> _Problem details_
Omitting all images, transcribe the listing word for word.
[Supplied data — start]
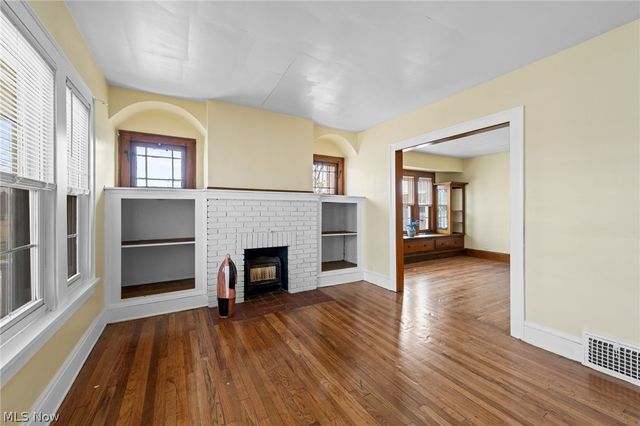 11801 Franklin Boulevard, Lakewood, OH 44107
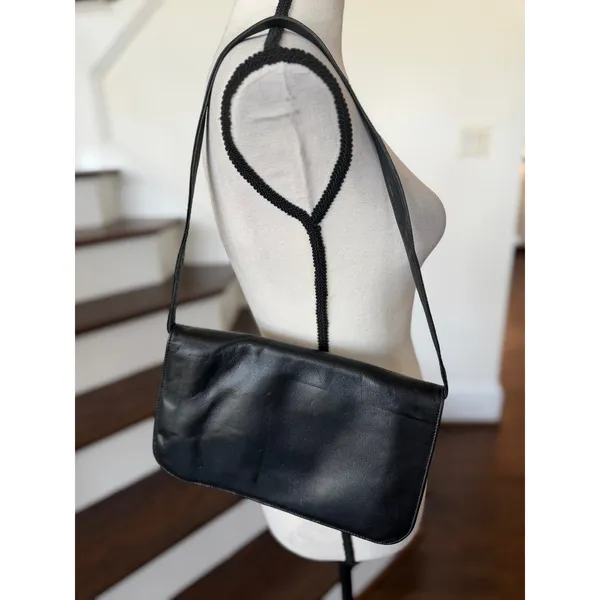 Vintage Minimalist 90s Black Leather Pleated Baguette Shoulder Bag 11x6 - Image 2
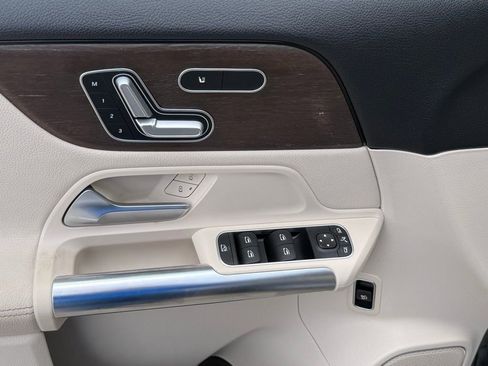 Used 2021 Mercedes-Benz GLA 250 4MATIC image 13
[Supplied data — finish]
> _Exercise output_
 11801 Franklin Boulevard, Lakewood, OH 44107
 Vintage Minimalist 90s Black Leather Pleated Baguette Shoulder Bag 11x6 - Image 2
 Used 2021 Mercedes-Benz GLA 250 4MATIC image 13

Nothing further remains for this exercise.